**Data provided:**
--

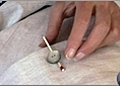 How to Sew a Button with a Shank
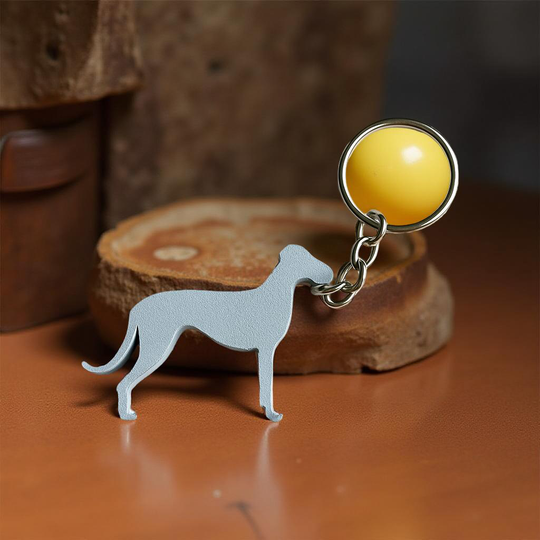 Dog-shaped keychain with a yellow ball on a wooden surface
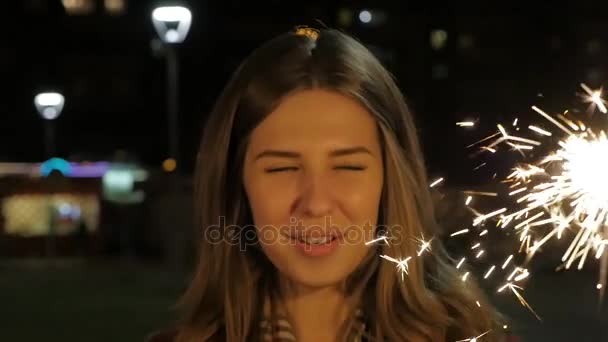 Menina adolescente sorridente na rua à noite com faíscas. Jovem celebrando um evento o Ano Novo está chegando. Retrato de menina segurando faíscas em câmera lenta — Vídeo de Stock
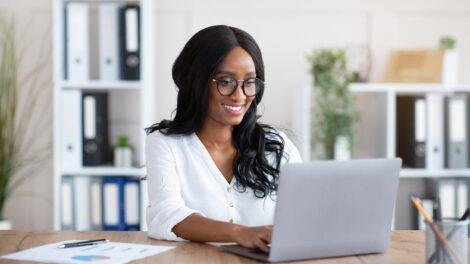Business woman sitting at working at computer desk in home office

--

**Work task:** Nothing but the pictures may be dropped as you repeat the listing above exactly.

**Reply:**
 How to Sew a Button with a Shank
 Dog-shaped keychain with a yellow ball on a wooden surface
 Menina adolescente sorridente na rua à noite com faíscas. Jovem celebrando um evento o Ano Novo está chegando. Retrato de menina segurando faíscas em câmera lenta — Vídeo de Stock
Business woman sitting at working at computer desk in home office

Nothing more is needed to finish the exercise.